D’abord, pourquoi la compagnie asiatique s’est-elle séparée de son acquisition ? Sauf à avoir des ambitions de rachats encore plus importants qui nécessiteraient un gros apport de cash, le transporteur singapourien n’a pas besoin de réaliser des actifs. Depuis des années, elle est en parfaite santé et il n’y a pas de raisons que cela change. Sauf que peut-être la forte émergence dans sa zone de chalandise rapprochée de transporteurs low cost ne la conduise à créer un rempart défensif, par exemple en développant elle-même des filiales de cette nature. La création récente de Scoot, compagnie filiale low cost long-courrier de Singapore Airlines est un exemple, mais peut-être n’est-il pas isolé. En tous cas, le recentrage des activités de la compagnie sur l’Asie/Pacifique est patent. Cela justifie peut-être d’accepter une perte considérable sur la transaction Virgin Atlantic, car elle avait acheté les 49% des actions qu’elle détenait en 1999 et pour un montant de 976 millions de dollars alors qu’elle les cède à Delta Airlines pour seulement 360 millions de dollars.

Au total, le pôle de Singapore Airlines est maintenant constitué de la compagnie - mère, bien entendu et de 3 transporteurs low costs : 2 pour le court/moyen-courrier : Tiger Airways et Silkair qui opèrent ensemble 33 Airbus et qui en ont 57 en commande et un pour le long - courrier : Scoot qui passera des 4 Boeing 777 qu’elle exploite actuellement à 24 prochainement. Voilà un ensemble diversifié puissant. Reste à savoir si cette stratégie s’avèrera rentable au cours des prochaines années.

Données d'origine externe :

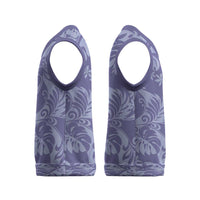 Tahiti Vareau Tiare Floral Christmas Knitted V-Neck Vest Monstera Palm Tropical Leaves LT01 - Polynesian Pride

Quant à Delta Airlines, on se demande bien où va s’arrêter sa boulimie. Rappelons d’abord que la grande compagnie d’Atlanta a connu des moments particulièrement difficiles. Elle a été obligée de déposer son bilan en passant sous le «Chapter 11» en 2005. Cela lui a été nécessaire pour se restructurer vigoureusement. Traduisez : opérer des licenciements massifs. Mais cette stratégie a été salutaire puisqu’elle lui a permis, une fois revenue en bonne santé, de racheter Northwest Airlines le 5ème transporteur américain, par fusion acquisition et à devenir ainsi la première compagnie mondiale. Et depuis, elle est passée du bon côté de la rentabilité avec un résultat positif de 1,6 milliard de dollars en augmentation de 30% par rapport à l’année précédente.

Alors, pourquoi vouloir grossir encore ? Certes, Virgin Atlantic amène un grand nombre de créneaux à Heathrow or comme cet aéroport est saturé, c’est la seule manière de se développer. C’est pour cela sans doute que les deux compagnies créeront une «Joint-Venture», autrement dit une société qui n’est pas une vraie société mais qui permet de mettre en commun les dépenses et les recettes. Celle-ci sera-t-elle complémentaire de celle créée avec Air France/KLM ou sera-elle concurrente ? Comment tout ce beau monde va-t-il cohabiter au sein de l’alliance SkyTeam ? Car tout ne va pas être facile et les luttes intestines ne manqueront pas de se faire jour. Comment d’ailleurs en serait-il autrement alors que, comme toujours, chacun voudra piquer une part de marché dans l’assiette du voisin lequel n’aura qu’un but, c’est de lui rendre la pareille.

Et puis, dernière question, que vont devenir les miles attribués aux passagers de Virgin Atlantic, qui est encore dans la Star Alliance et qui devra bien passer dans Skyteam ? Après tout, les clients de Virgin Atlantic étaient peut-être attirés par la possibilité de convertir leurs miles sur Singapore Airlines ou Lufthansa, voire de United Airlines. Eh bien, cela ne sera plus possible. Cela ne fera peut-être pas leur affaire !

Bref, une fois encore les gros veulent devenir encore plus gros. Jusqu’au moment où les groupes seront tellement importants qu’ils ne seront plus gérables.